When I read Franklin’s autobiography last summer, I found in him a deeply admirable figure and, if I'm to afford myself the compliment, a kindred spirit. After all, Franklin and I were both born in Boston and journeyed to Philadelphia to mark our respective leaps into adulthood. Besides, we even share a Myers-Briggs personality type, ENTP; the parallels are uncanny.

Although they lived some 1700 years apart, Franklin has a few things in common with Seneca, the ancient Stoic philosopher I recently came to revere after reading his moral essay, “On the Shortness of Life.”

Photo from Ralph Rosen

In a conversation with Comparative Literature Chair Emily Wilson, who recently became the first woman to translate Homer’s “Odyssey” to English and who has also authored an acclaimed biography of Seneca, she commented on how eminently quotable both Franklin and Seneca are. Wilson also pointed out that Franklin and Seneca share another, more unfortunate commonality: they were both slave-owners.

In fact, owning slaves was hardly Seneca’s only moral failing. After all, Seneca — who produced enlightening works on moral philosophy; who argued that austerity and self-mastery are critical and poverty useful for striving for virtue while defeating the lure of ‘the passions;’ who wrote, “It is inevitable that life will be not just very short but very miserable for those who acquire by great toil what they must keep by greater toil” — was the mastermind behind some of the emperor Nero’s most bloody, power-hungry political maneuvers, and was at one point positioned at the very top of Roman imperial society, until Nero decided to have him killed. 

“We’re kind of stuck with our past,” Platt tells me over a coffee. “We have to figure out how to derive certain kinds of positive ideas from it in order to instantiate them in the future, and that turns us back to things like Seneca and Dostoevsky.” 

The quotability of Franklin, or Seneca, or even Dostoevsky means many of their phrases circulate disembodied, ready for a reader to absorb these kernels of knowledge without bothering to examine their context. 
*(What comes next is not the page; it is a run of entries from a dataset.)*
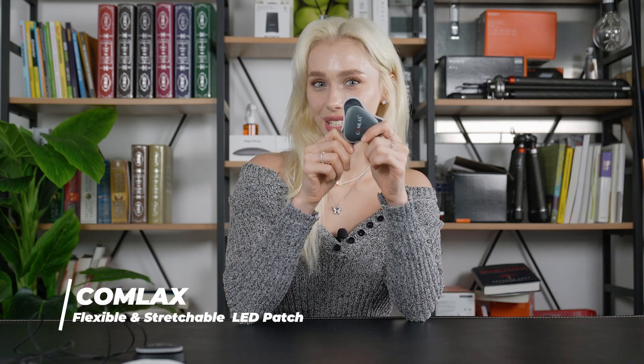Hey there gadget enthusiasts! It's Shannon from Cool Gadgets and today we have something truly unique to talk about. It's a revolutionary product that's making waves in the world of wellness — the Comlax LED Patch. Stick around because I'm going to show you how this innovative tech is about to change the game.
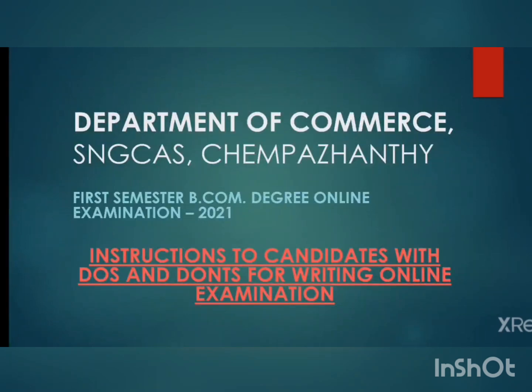Hello my dear students, this is a video by the Department of Commerce, Srinarana Guru College of Advanced Studies, Chhamparandi. In this video you will get the instructions for writing online examination along with Do's and Don'ts. This is specifically made for first semester model exams, however you may use this instruction for any semester online examination.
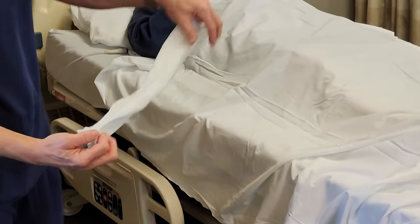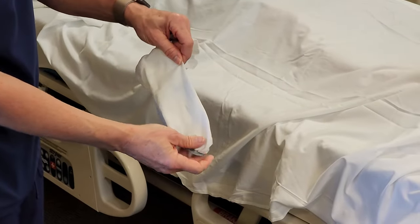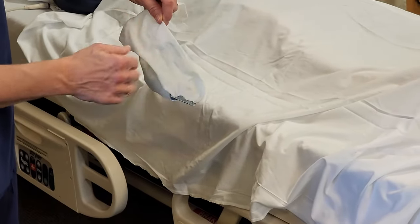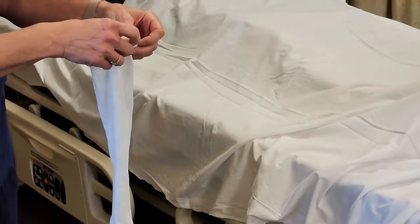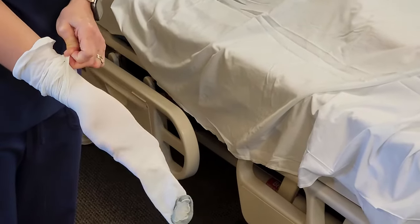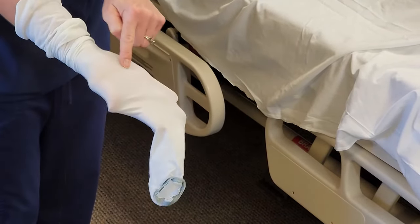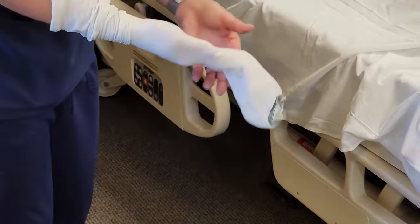When you have the Ted hose, if there's writing on it, it should be on the outside — you should be able to read it correctly, so it shouldn't be backwards once it's on the resident. You also want to locate the heel marker, so put your hand in like you're going to put it on their leg, stretch it, and you can see the square that's going to go on the back of their heel.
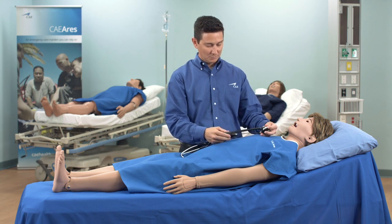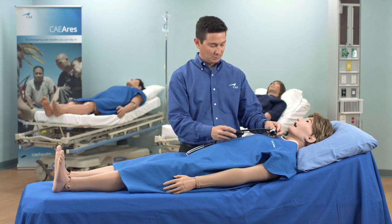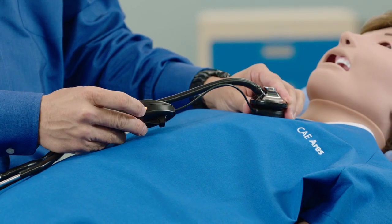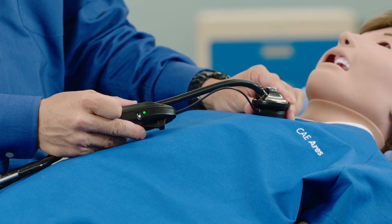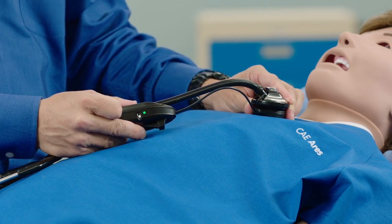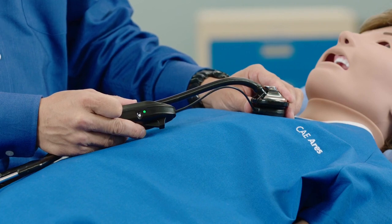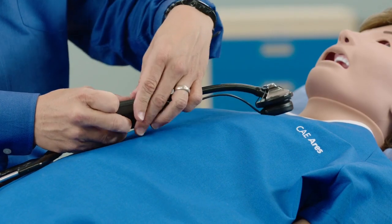The first time you use Stethosim, it needs to be paired with any of the RFID tags on the Ares. Hold the diaphragm of the stethoscope over the RFID tag for approximately 10 seconds until the green LED light on the Stethosim turns blue. The indicator light will change back to green when the module is removed from the skin.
“We want to idealize, we want to heroize, we want to think if we’re going to study either figures or literature from the past, they must be 100 percent good,” Wilson told me. “And I actually think you learn more both about our society and about history if you’re aware that … all societies are flawed.”

“I actually think you learn more both about our society and about history if you’re aware that … all societies are flawed”

I realize that my disappointment at discovering Seneca’s or Franklin’s flaws suggests I’ve succumbed to the heroization trap already. “We have to judge individuals against the standards of their period,” Platt observes. After all, the author of a work can be regarded as a creation himself, authored by the prevailing forces of his time and place. 

Viewed this way, we can wish that Dostoevsky were as progressive as Tolstoy and some of his other contemporaries, but we should nonetheless be more willing to excuse Dostoevsky’s prejudices and relish the genius of his work. 

We might wish that Seneca could’ve been a sage example of the Stoic philosophy he preached, but we can recognize that his failure to attain fulfillment by pursuing money and power is telling in its own right. And, as Wilson puts it, “In the case of Seneca he repeatedly says … I’m trying to be a doctor but I’m sick myself.”

Finally, we must acknowledge that Ben Franklin did own slaves through his life — but this is more of a reflection on his time period. Far less common was Franklin’s ability to re-evaluate his attitudes toward slavery, becoming instead an influential abolitionist, building schools for black children.

In Wilson's words, "Truth matters in itself." This statement ought apply as fully to the (fallen) heroes of our time as to the mythologized figures of antiquity. It ought to spur us to weigh the gravest of one's sins but not to neglect the most illuminating or admirable of their contributions.

As Dostoevsky, an Orthodox Christian, would likely inform us, we're all sinners. The more secular, universal iteration of this notion may be that we're all human. Perhaps the only real sin is refusing to find any good in people on account of the inevitable presence of the bad.